Moreover, Flickinger, as a third-party beneficiary of the contract between Brown and BBSI, was entitled to assert a claim against BBSI for breach of that contract. New York law follows the Restatement (Second) of Contracts § 302 (1979) in allowing a third party to enforce a contract if that third party is an intended beneficiary of the contract. Septembertide Publishing, B. V. v. Stein Day, Inc., 884 F.2d 675, 679 (2d Cir. 1989); Fourth Ocean Putnam Corp. v. Interstate Wrecking Co., 66 N.Y.2d 38, 44, 485 N.E.2d 208, 212, 495 N.Y.S.2d 1, 4-5 (1985). Here, BBSI contracted with Brown to provide clearing and other services for Brown's clients. Flickinger, as one of Brown's clients, was precisely the intended beneficiary of BBSI's contract with Brown. In fact, BBSI's breach of its obligations under that contract, in failing to deliver the 1500 shares of Lubrizol, involved performance that was to be rendered directly to Flickinger. "Where performance is to be rendered directly to a third party under the terms of an agreement, that party must be considered an intended beneficiary." Cauble v. Mabon Nugent Co., 594 F.Supp. 985, 991 (S.D.N.Y. 1984).
BBSI attempts to counter this argument by pointing out that Flickinger failed to plead the third party beneficiary theory in his complaint. To this, we simply respond that federal pleading is by statement of claim, not by legal theory. Newman v. Silver, 713 F.2d 14, 15 n. 1 (2d Cir. 1983); Fed.R.Civ.P. 8(a); see also Gins v. Mauser Plumbing Supply Co., 148 F.2d 974, 976 (2d Cir. 1945) (Clark, J.) ("particular legal theories of counsel yield to the court's duty to grant the relief to which the prevailing party is entitled, whether demanded or not").

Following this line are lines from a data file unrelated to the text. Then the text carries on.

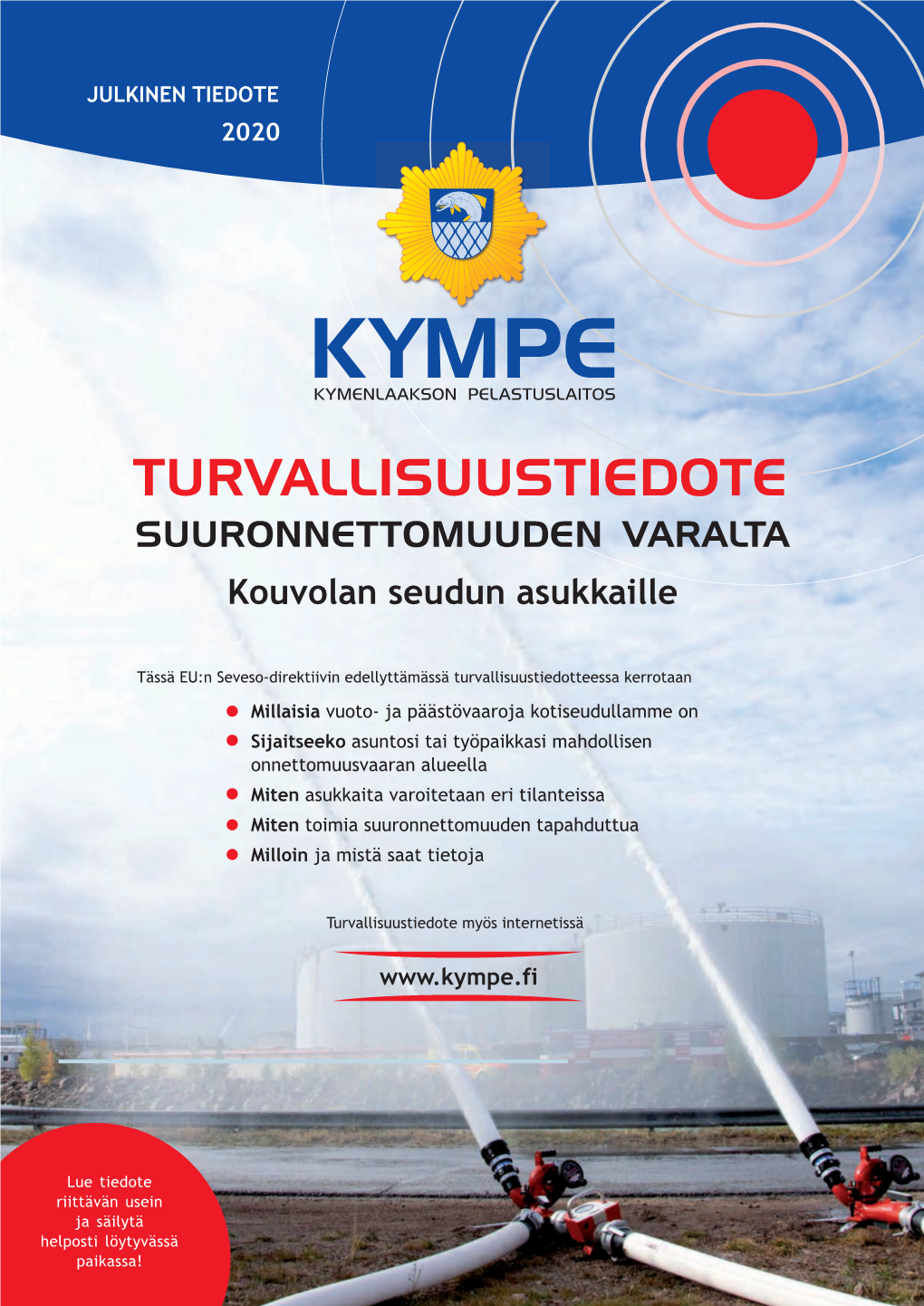 Turvallisuustiedote 2020 Kouvolan Seutu Web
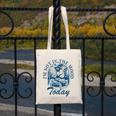 I’m Not In The Mood Today Anti-Social Moody Introvert Humor Canvas Tote Bag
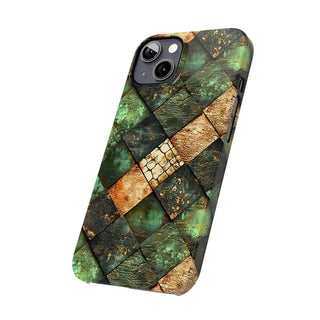 Bronze Weave - iPhone Slim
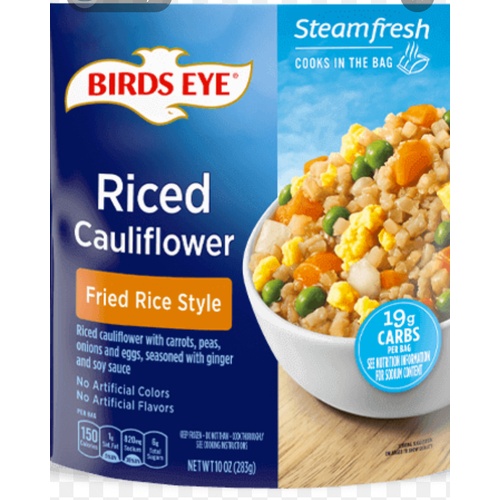 Birds Eye Riced Cauliflower Fried Rice Style - Food Library - Shibboleth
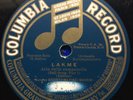 Giuseppina FINZI-MAGRINI, soprano: Columbia Teal label # E2074: Lakme & Lakme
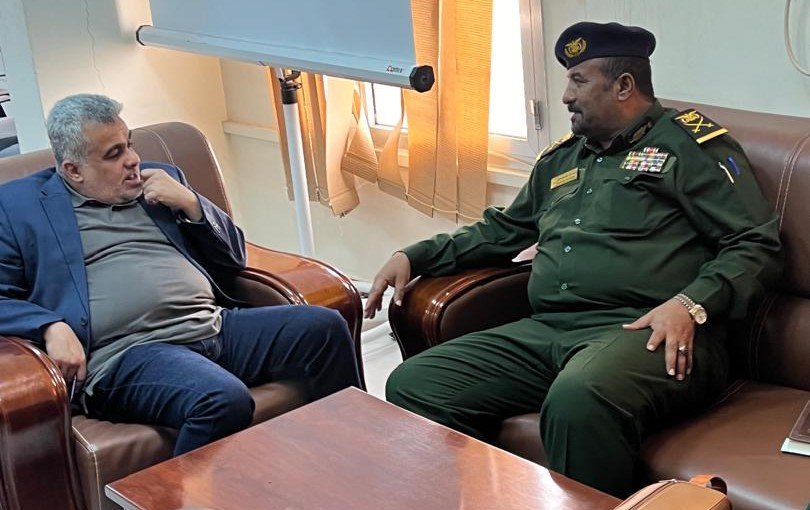 اللواء  عاطف يبحث مع نائب وزير التخطيط والتعاون الدولي أوجه التعاون المشترك Image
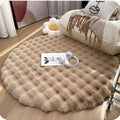 Tapis rond ULTRA Doux et Moelleux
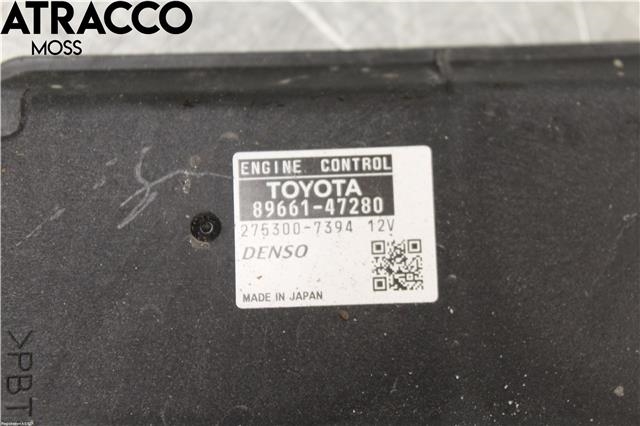 Styreenhet diverse til Toyota Prius 2009-2016 (Type III) (COMBI) (COMBI) (8966047320|)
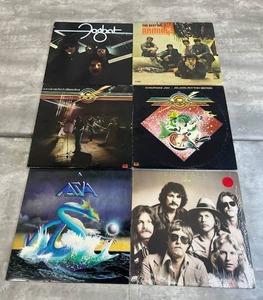 lot 14 image: Vinyl LP Lot - FoghatAsiaAtlanta Rhythm SectionFire FallThe Animals in Used Condition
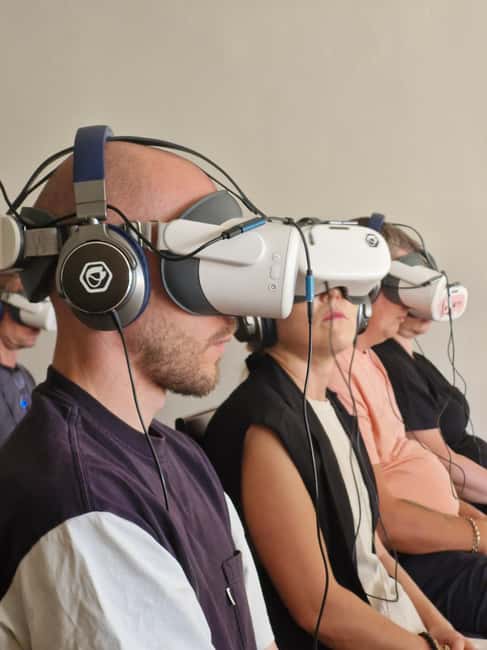 Virtual reality movie - experience I AM LITHUANIA - The Poem, the Voice, and the Spatial Sound You Actually Hear
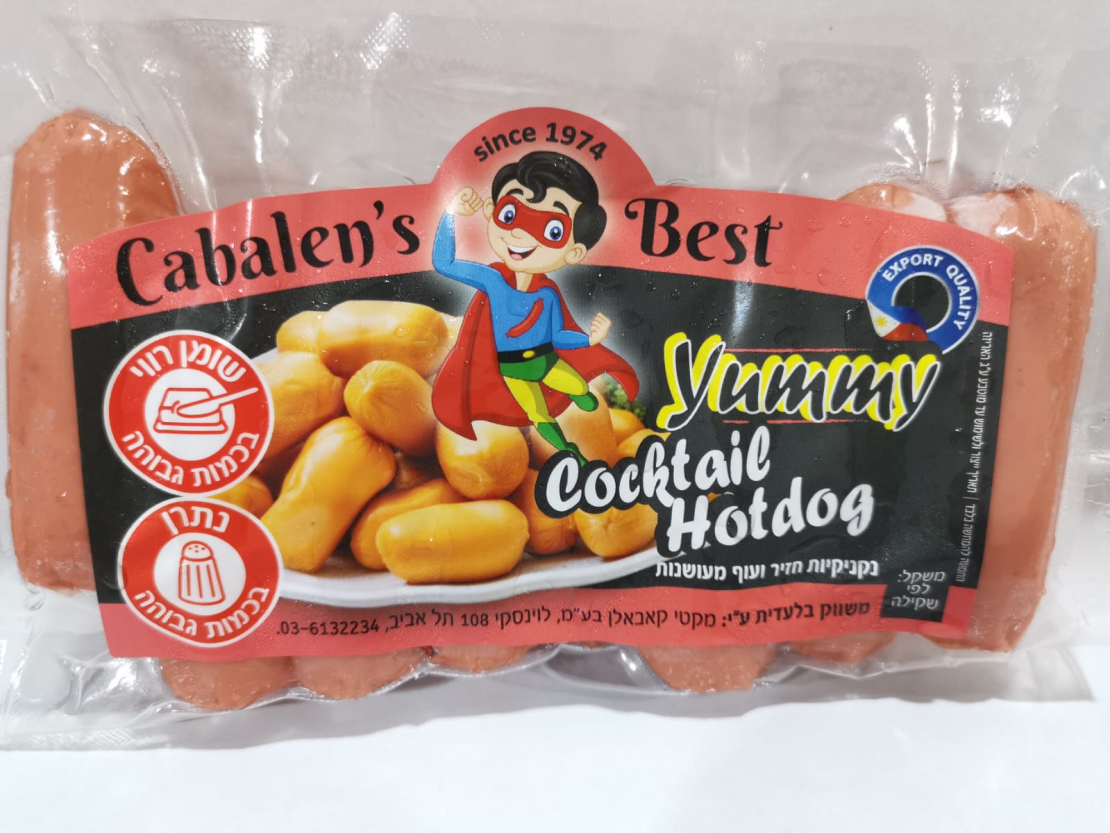 Cabalen's Best - Cocktail Hotdog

Although we direct that judgment shall be entered for plaintiff against both Brown and BBSI, we do not decide the amount of damages, which remained unaddressed by the district court. Moreover, we note that Brown may be entitled to prevail on its cross-claims against BBSI for indemnification. Paragraph 5.3 of the Fully Disclosed Clearing Agreement between Brown and BBSI states:
If an error is made in the execution of a settlement of a Trade, or if a Customer suffers any loss by reason of an error of BBSI . . . [BBSI] shall promptly reimburse [Brown] or the Customer, as the case may be, for any amounts paid or losses incurred as a direct result of the error.
Similarly, paragraph 6.2. provides for indemnification:
BBSI agrees to indemnify [Brown] and hold [Brown] harmless from and against any Claim arising out of or resulting from: (a) any failure or any alleged failure by BBSI . . . to carry out any responsibility assigned to or assumed by it under this Agreement; and (b) any breach of the representations and warranties made by BBSI in or pursuant to this Agreement . . . .
The district court, however, entered a judgment in defendants' favor and did not reach the issue of allocating liability between Brown and BBSI. We therefore remand the matter to the district court for a determination of damages and resolution of Brown's cross-claims against BBSI.
Accordingly, the judgment of the district court is affirmed in part and reversed in part, and the matter is remanded to the district court for further proceedings in accordance with this opinion.